I was reading The Globe and Mail the other day, and I came across an interesting piece. I generally read almost everything I can get my hands on, but I don't always go out of my way to acquire something like The Globe and Mail. If it's in front of me, though, I will read it.
This particular column, by a journalist I know nothing about, commenting on an author I've never heard of, is maybe not something the average person would read. I'm including the link, however, and ask that you read the column. The presentation of the column itself is a bit messy and unattractive (surely The Globe and Mail could clean that up), but please, indulge me:
All done? Okay, so, my initial reaction, and perhaps yours as well, was quite visceral. I'm not a writer of children's stories, but dude, those comments were really quite offensive. And on the first read through, following that initial gut reaction, I could completely understand how the children's authors of Britain (as referred to) could also, and more legitimately, feel insulted and offended.
Until I got to this sentence: For whom does one write?
And then, further along, this: The best advice to writers is never to wonder for a second for whom one writes, to write only the book that one wants to read.
This is the crux upon which I have always based my own writing. From the moment I decided to pick up my Pilot pen and apply it to that first yellow legal pad, it was, and ever has been, my intention to write the book(s) I want to read. There is no other compelling reason for me to write. I love to read, and there are certain books I devour hungrily, certain books I savour, certain books which, like the promise of a good meal which has been prepared poorly, do not live up to their potential, and other books which one glance shows they are not worth even sampling.
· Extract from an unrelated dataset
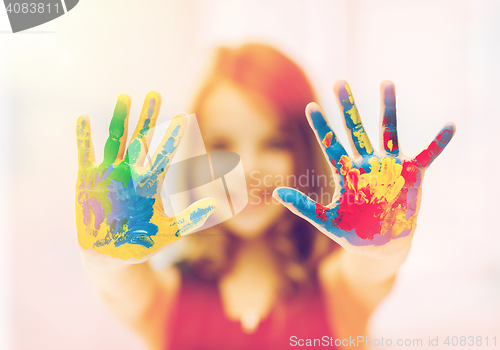 Image of happy girl showing painted hands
There are books I can't get into, books I won't get into, and books I can't wait to get into.
I have noted that the books I devour, the ones I hunger for, others also devour and hunger for. I'm sure that seems an almost fatuous and redundant comment; the thing is, if I write what I want to read, and what I want to read others do as well...well, you get the point.
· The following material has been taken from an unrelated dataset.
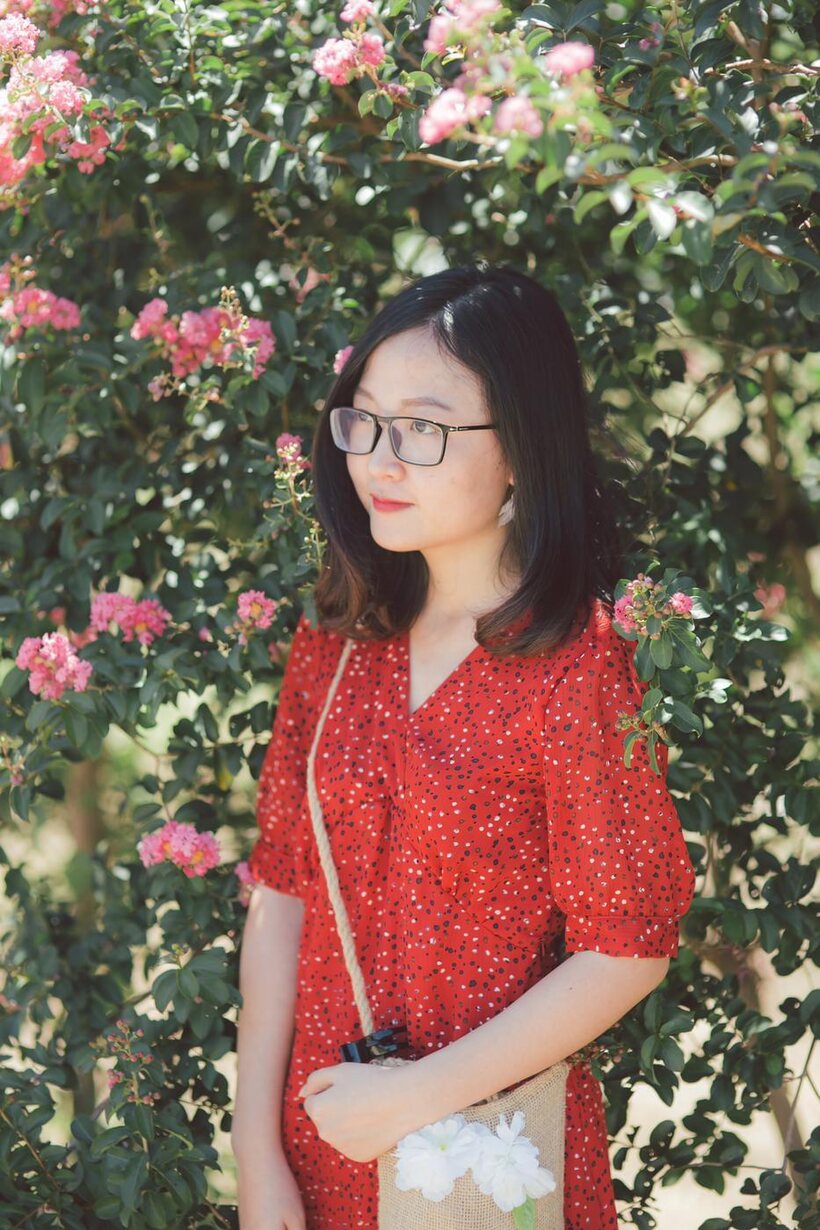 Amateur nude photo 8 — Glasses on, an Asian babe poses outdoors in a red dress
Every writer is different, a unique creature with a unique voice (or so one hopes). I ended up re-reading this column, and afterward felt that the point made was hugely relevant. Had I read the original piece, by the author I'd never heard of, I may have reacted in the same manner as those (particularly sensitive) children's lit authors. But I didn't, on both points, and quite frankly, I'm happy not to have. Not because their feelings were irrational or misplaced, but because mine might have been.
I think it's important to know your audience, yes. But I think it's more important to know why you write. And if you understand your motivation, you should have no need to defend it, yourself, or your work. No need whatsoever.